As for your comments that "it doesn't seem
possible that there is a single
person literate in Devanagri" I find them disparaging and racist as they
allude to a presumed imposibility to be an educated Rom (the same for your
"important distinction" of the " *literate* Roma community"). If you
would
Alin, you would do well to read the entire sentence. I said "and it doesn't seem
possible that there is a single person literate in Devanagri but not
Latin for Romani".
This means that it seems everybody who uses Devanagari, also knows
Latin. This would be like Ronline saying "and it doesn't seem possible
that there is a single person literate in Cyrillic but not Latin for
Moldovan", a view that many people have expressed before -- it doesn't
mean all "Moldovan speakers" are illiterate, of course.
And the reason the distinction between literate and non-literate Roma
is important here is because of course non-literate people cannot read
an encyclopaedia. Yes, it is possible they will get it delivered in
the future in some other format, or that they will become literate in
the interim, but at the moment it is impractical to plan an
encyclopaedia for *speakers* of any language rather thna *readers*.
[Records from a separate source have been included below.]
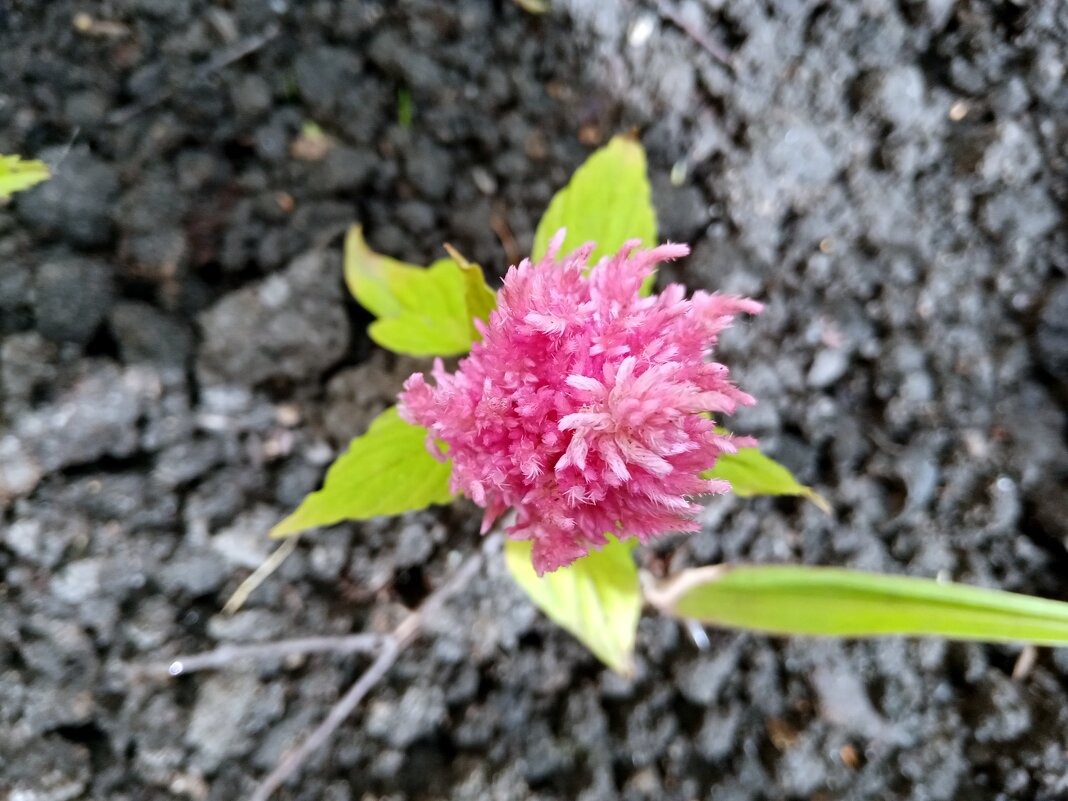 Цветы. - Владимир Драгунский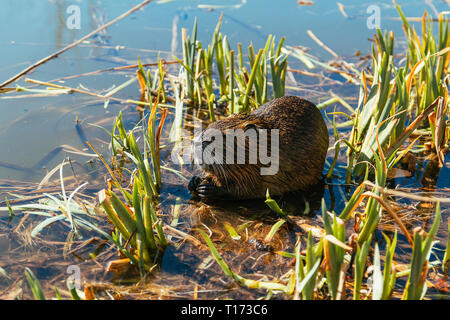 Nutria sit in reed on pond Stock Photo
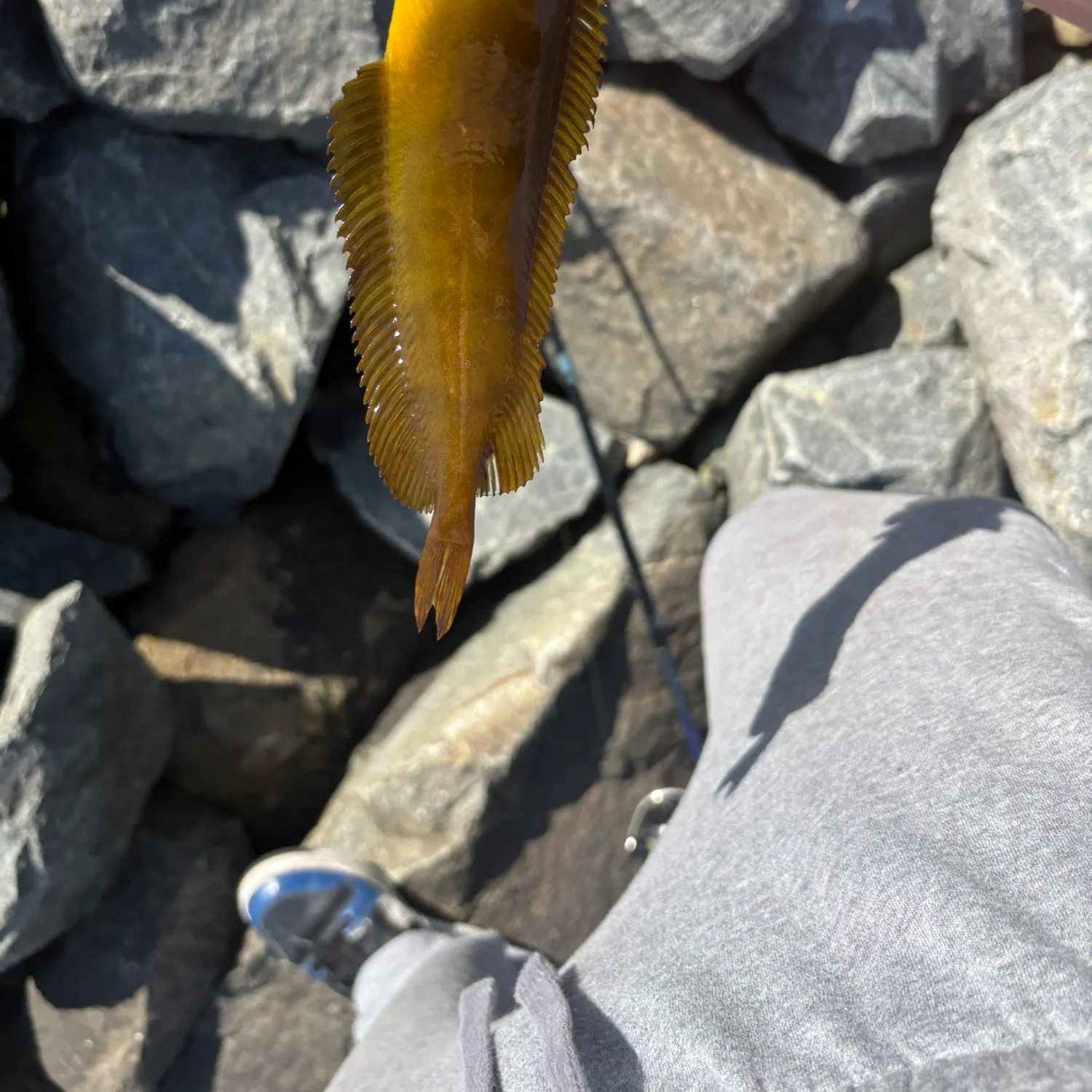 The most recent Giant kelpfish catches on Fishbrain
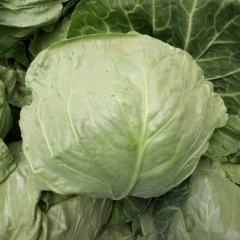 曲周牛屯刘长江3月中甘十五 甘蓝8398  甘蓝  大量上市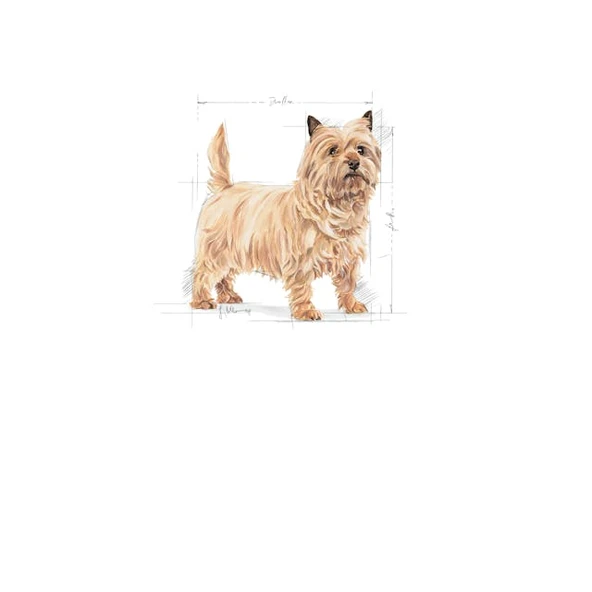 Royal Canin Mini Light Weight Care Küçük Irk Diyet Köpek Maması 3 Kg - 3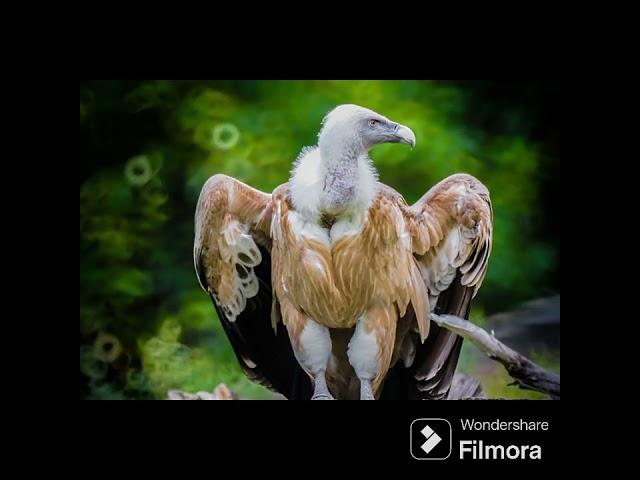 JATAYU  IN  HIMALYA @ DR SKSINGH CHANNEL JAI SHREERAM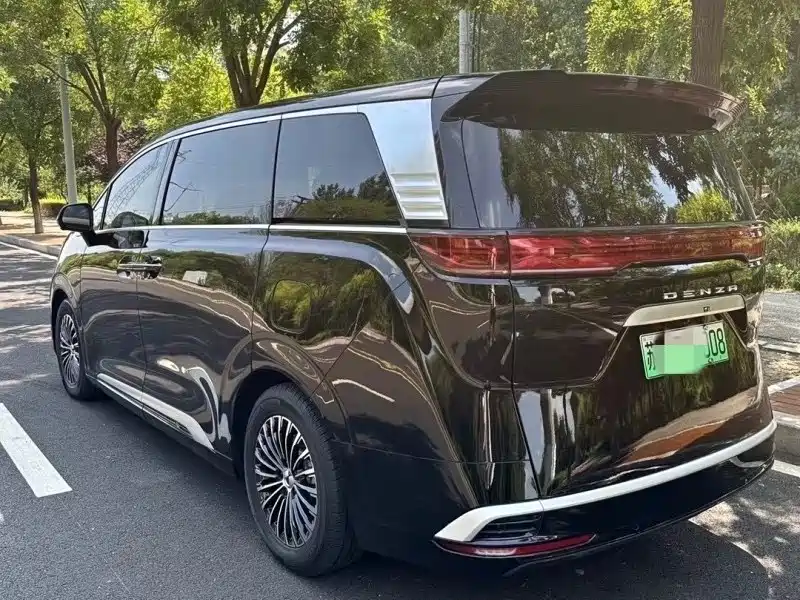 Denza Denza D9 — миниатюра 2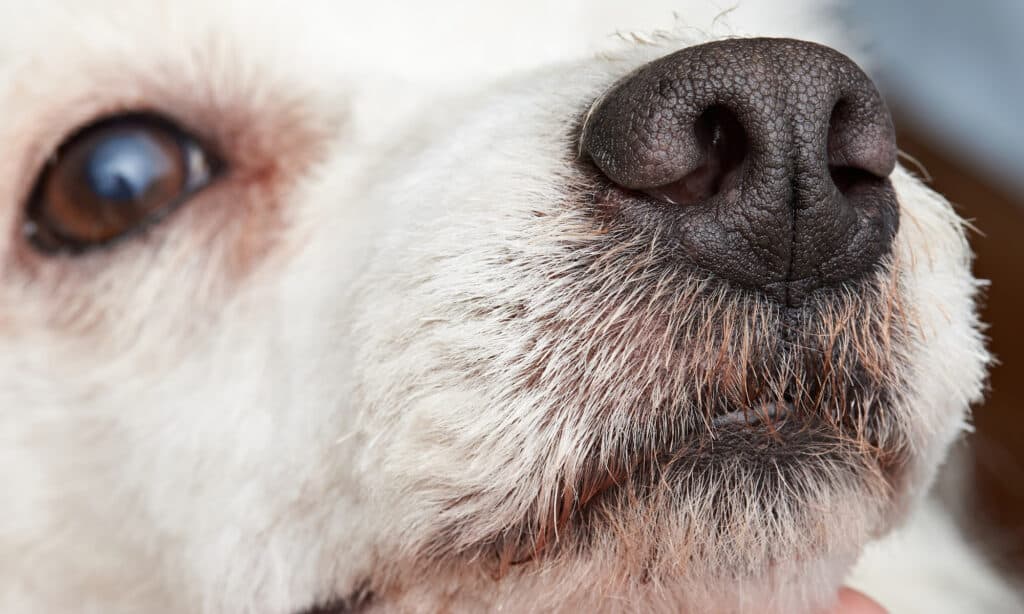 ingrown whisker in dogs info what do i do
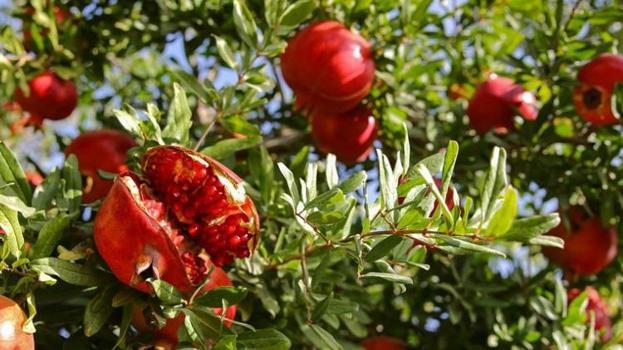 Dünya Türkiye'den alıyor! 2025'te yüzler güldü: 62 ülkeye rekor satış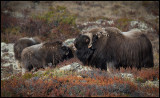 Mus Ox bull smelling the surroundings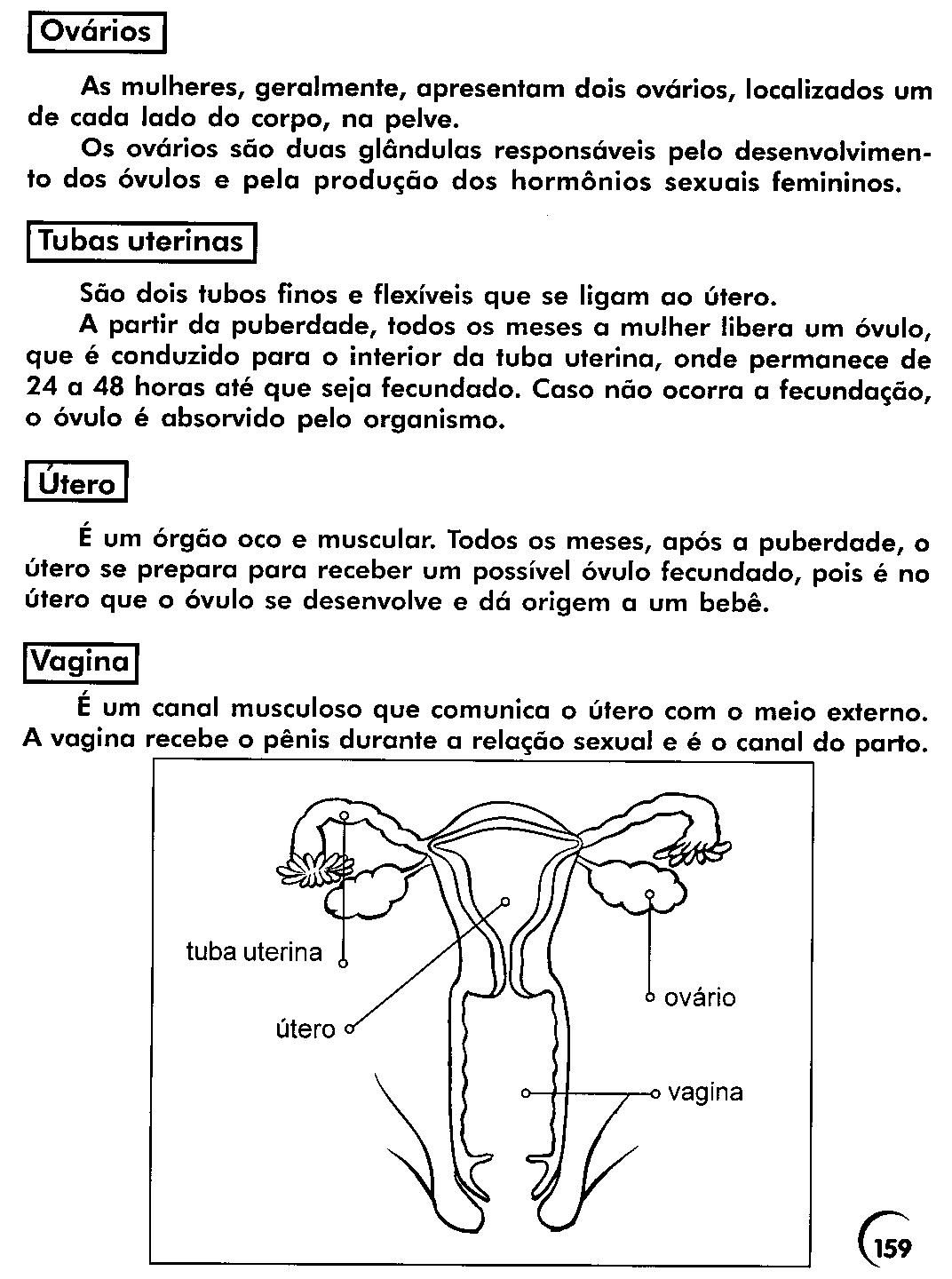 Resumo sobre fisiologia humana Resumo sobre fisiologia humana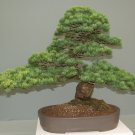 BONSAI - Chinese White Pine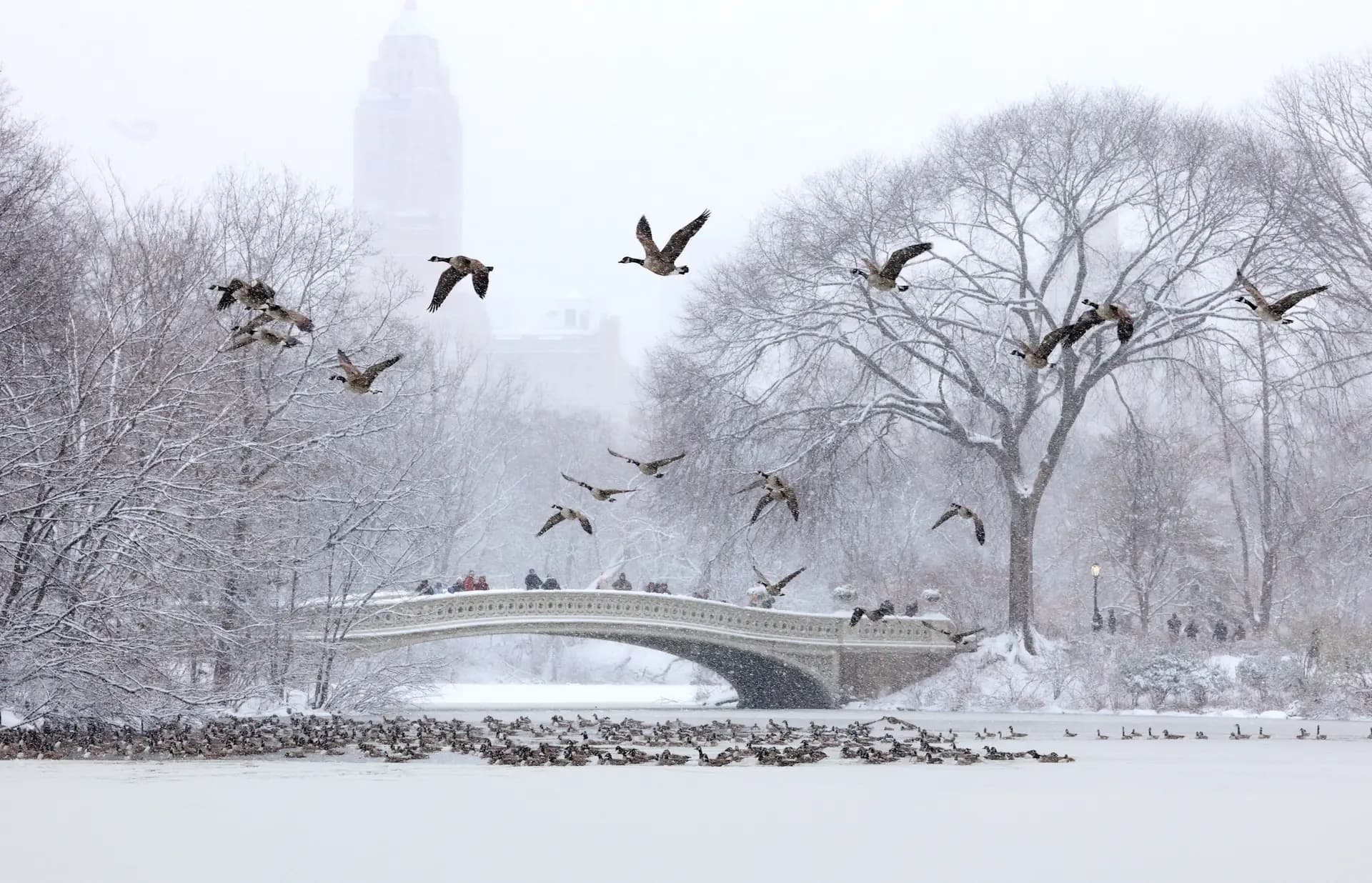 Gansos vuelan mientras personas caminan por el Bow Bridge en el Central Park cubierto de nieve en la ciudad de Nueva York, el 27 de diciembre de 2025. La ciudad de Nueva York recibió alrededor de 4 pulgadas de nieve durante la noche. Las aerolíneas cancelaron 1,500 vuelos en Estados Unidos durante el periodo pico de viajes por las fiestas el viernes, con advertencias de tormenta invernal severa y fuertes nevadas previstas en partes del Medio Oeste y el Noreste. Timothy A. Clary/AFP vía Getty Images
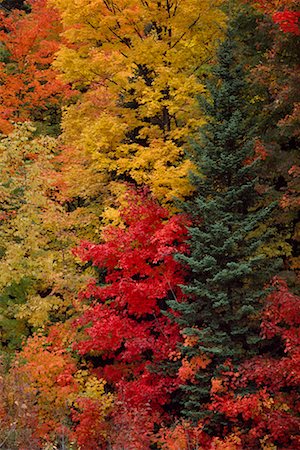 simsearch:700-00014945,k - Mixed Forest in Autumn Lanark County, Ontario, Canada Foto de stock - Direito Controlado, Número: 700-00014952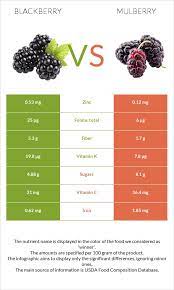 Blackberries grow on a thorny, bramble bush. Blackberry Vs Mulberry Health Impact And Nutrition Comparison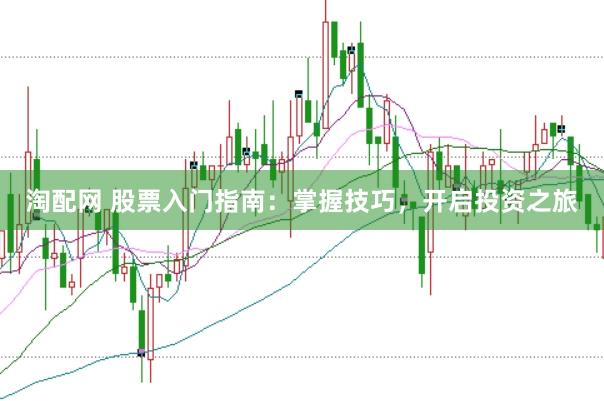 淘配网 股票入门指南：掌握技巧，开启投资之旅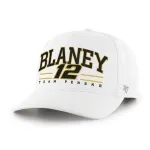 RYAN BLANEY / TEAM PENSKE ROSCOE BVHATS 47 HITCH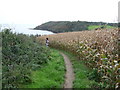 SW7826 : Part of the South West Coast Path near the Helford River mouth by Jeremy Bolwell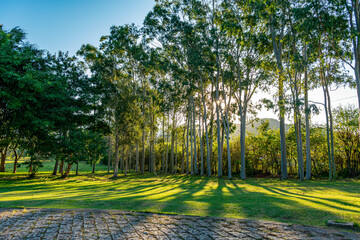 por sol nas montanhas entre as árvores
So, as for the pending issues, the newly created
rmy.wp has the code of the
Vlax dialect, which is not the way was written this wp till now. The
non-Roma made first the proposal about a Romani Wikipedia. Their debate
reached a conclusion that a Vlax one would be better for the beginnig. When
the two Romani contributors till now (me and Naayram) started the work, they
wrote in a Romani used in the standadization efforts made worldwide by the
Roma people. As I said before, there are already some differences in the
approach for us two contribuitors but this did not impede the mutual
understanding. If there will be problems about the way will go the Romani wp
let us debate them first and afterwards if we can't solve them it will
intervene the mediation of the outsiders. I see there are many small wp with
some dozens of articles, which are patronized by non-speakers. If it will be
the same like this for the Romani one, then I don't foresee a bright future
for it. I don't know why some non-speakers stick to the Vlax one when there
is no will by now to make it (btw, do you know that there are differences
between the Vlax dialects?). What is envisaged till now is a wp for the
generic Romani including the standardized and the dialects. First let us get
more people (presumably much easier in this way) and if there will be
standing power for making wp in dialects, it's OK, no problem.
What worries me is the prospect that you will call yourself the
"Romani Wikipedia" while at the same time being inaccessable to a
large portion of Roma, including but not limited to readers of Ursari.
As for the code name, ROM. one is the internationally
accepted for this kind
of wp. It was said that it might get confusions with the Romanian wiki ( for
their fear of not being confused with the "Gypsies") when I see that there a
lot of other possible confusions for all the 228 wp. What then for the
Romansh one, with its code RM?
I don't think it's so much a racist fear of "getting confused with the
'Gypsies'" (Ronline is a very un-racist person, he doesn't
discriminate at all on any grounds), so much as a worry that people
going to rom.wp will be expecting Romanian, which I think is
reasonable, However,
In the past there have been other things like this, for example MY is
for the Burmese Wikipedia but some people were afraid it would be
confused for the Malay WP (code MS), but nobody changed it of course.
Same with Sinhala (SI) and Serbian (SR), Chamorro (CH) and
Swyzerdutsch (ALS). It seems very little confusion resulted from this,
so I don't agree with Ronline that it would be for "confusion".